Issue (i): Whether multiple FIRs registered in different States arising out of the same course of conduct should be consolidated by merging them with the earliest FIR in each State rather than being transferred out of the State.
Analysis: The governing approach is that multiplicity of proceedings is not in the larger public interest. Where special State enactments concerning deposits and allied offences are invoked, shifting the cases out of the State would not serve the ends of justice. The appropriate course is to merge the later FIRs with the earliest FIR within the concerned State, and where the first FIR is under the general penal law but later FIRs invoke a special enactment, the clubbed matter must proceed under the special law before the competent Special Court.
Conclusion: The FIRs were directed to be merged State-wise with the earliest FIR in each concerned State, and not transferred outside the State.
Issue (ii): Whether, after such clubbing, the subsequent FIRs should be treated as statements, and how pending cognizance, supplementary investigation, and bail consequences should operate.
Analysis: After clubbing, the first FIR is to be treated as the principal FIR and the later FIRs are to be treated as statements under Section 161 of the Code of Criminal Procedure, 1973. The investigating officer in the principal FIR is permitted to file supplementary charge-sheets after collating the materials from the clubbed FIRs. If police reports have already been filed in the clubbed matters and cognizance has been taken, those cases also stand transferred and merged with the principal FIR. The order also clarifies that bail granted in the principal matter will enure to the benefit of the clubbed matters, subject to the need for a fresh application where different offences under a special enactment are involved.

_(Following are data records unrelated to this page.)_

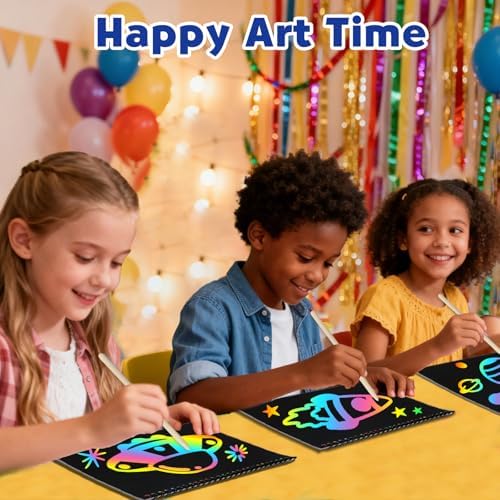ZMLM Scratch Paper Art-Crafts Gift: 2 Pack Rainbow Notebooks Supplies Toys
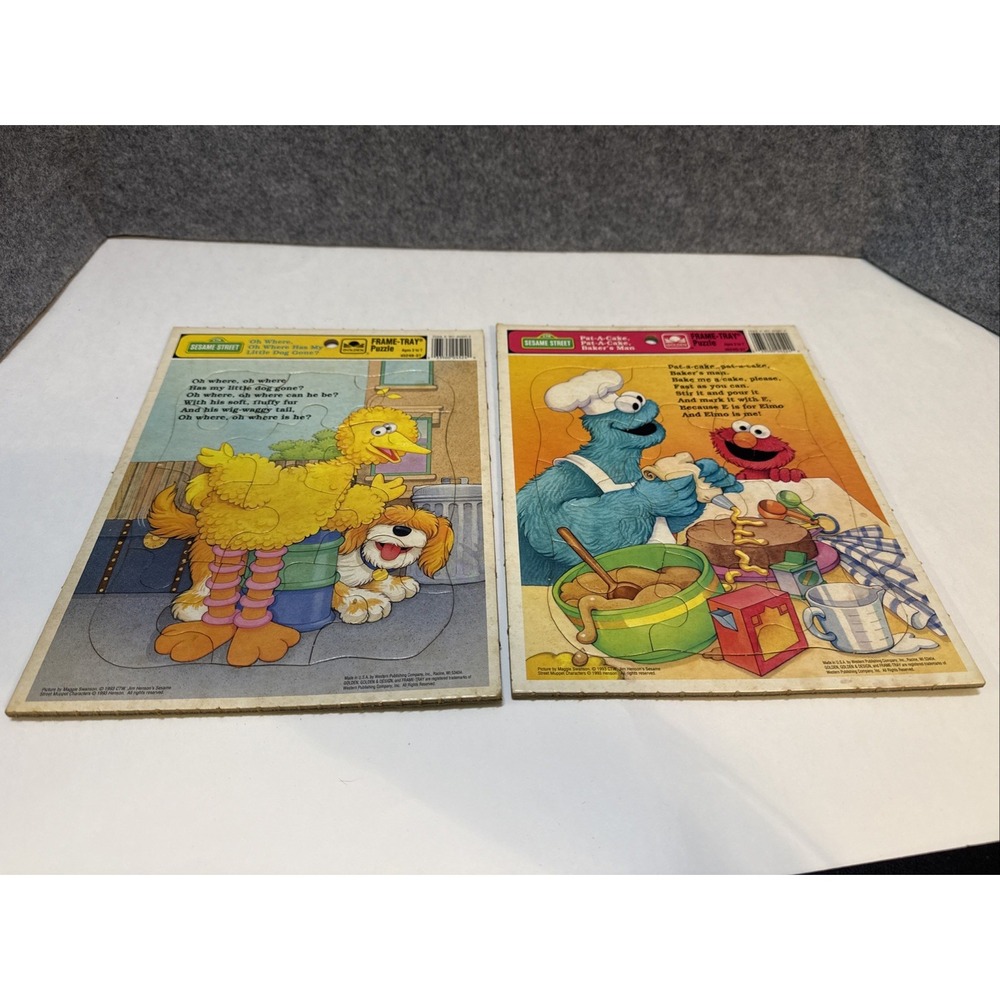 Vintage 1993 Sesame Street  Puzzles Lot Of 2 Cookie Monster & Big Bird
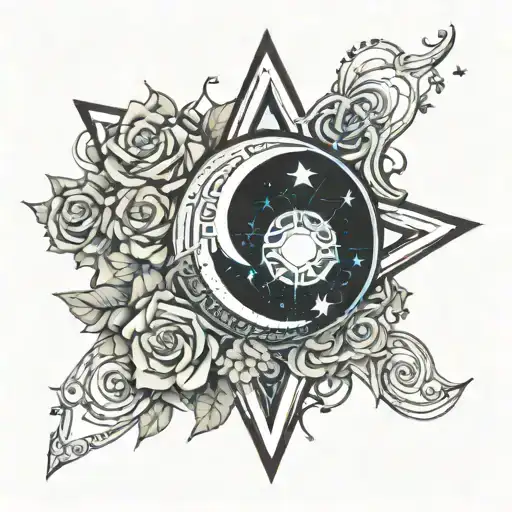 Stars Twinkling With Swirl Moon And Flowers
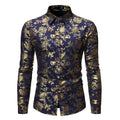 Men's metal bronzing printed lapel shirt in wine red, regular fit cardigan style, front view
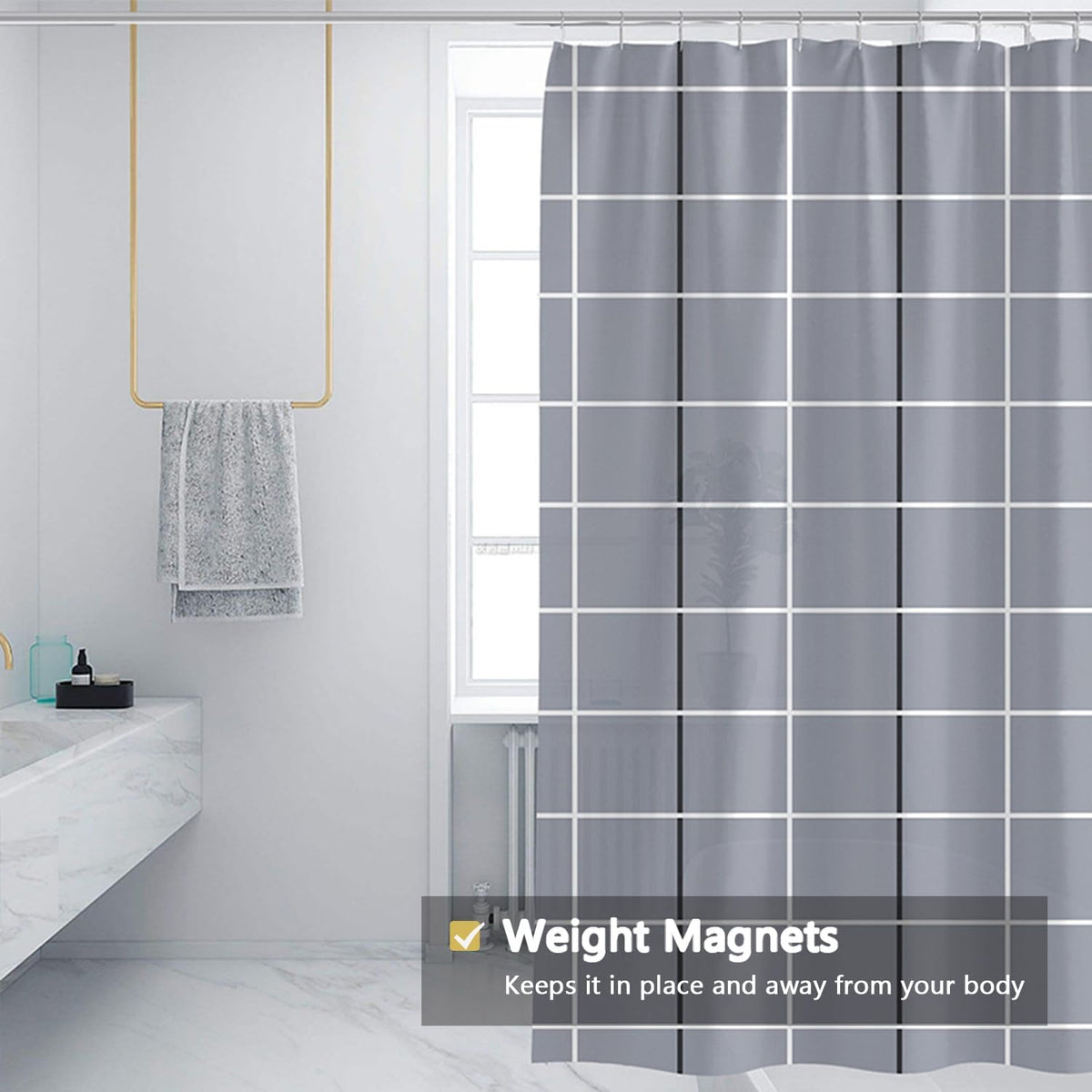 Fabric Shower Curtain Liner, Waterproof Hotel Quality, Bathroom Curtains Rust Resistant Grommets, 72 x 72 Machine Washable (Black) - Colors B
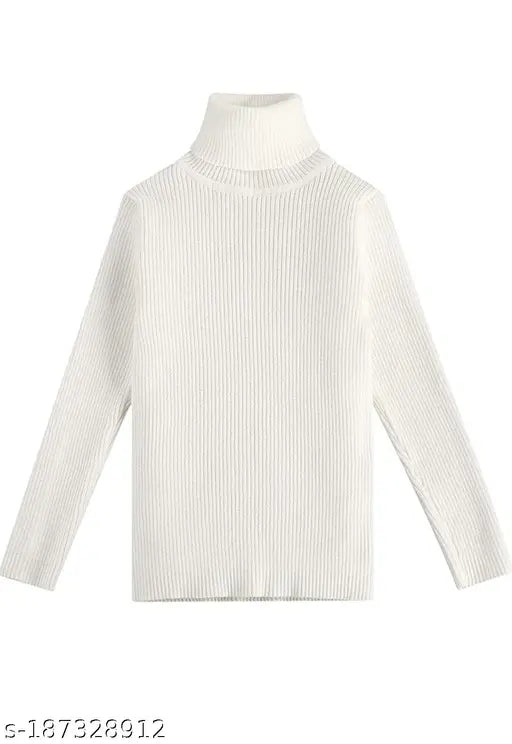 Smarty Plus Clothing Baby Girls Wollen Warm sweater High Neck Full Sleeves T-Shirt/Inner Sweaters for Winter (white pack of 1)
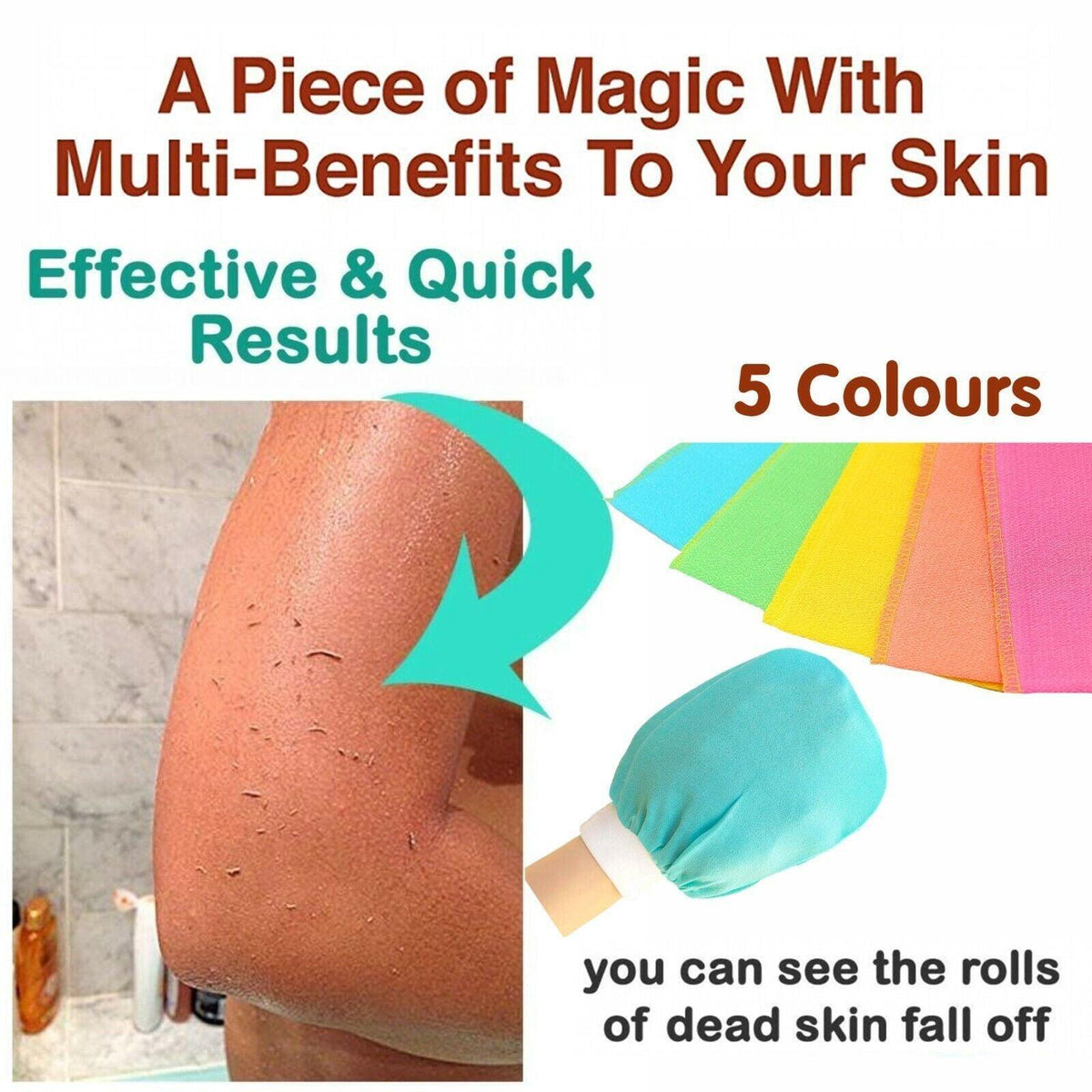 5 Pcs Towel Exfoliating Bath Washcloth Viscose Scrub Mitten Towel - 5 Colours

Conclusion: The subsequent FIRs were ordered to be treated as statements, pending cases were directed to merge with the principal FIR, and the ancillary investigation and bail directions were issued accordingly.
Final Conclusion: The writ petition succeeded with State-wise consolidation of the connected FIRs into principal FIRs, together with consequential directions for investigation, trial, and bail.
Ratio Decidendi: Where multiple FIRs arise from the same transaction or connected conduct within a State, the proper course is State-wise consolidation with the earliest FIR, and the clubbed proceedings must continue under the legal regime attracted by the principal and subsequently clubbed offences.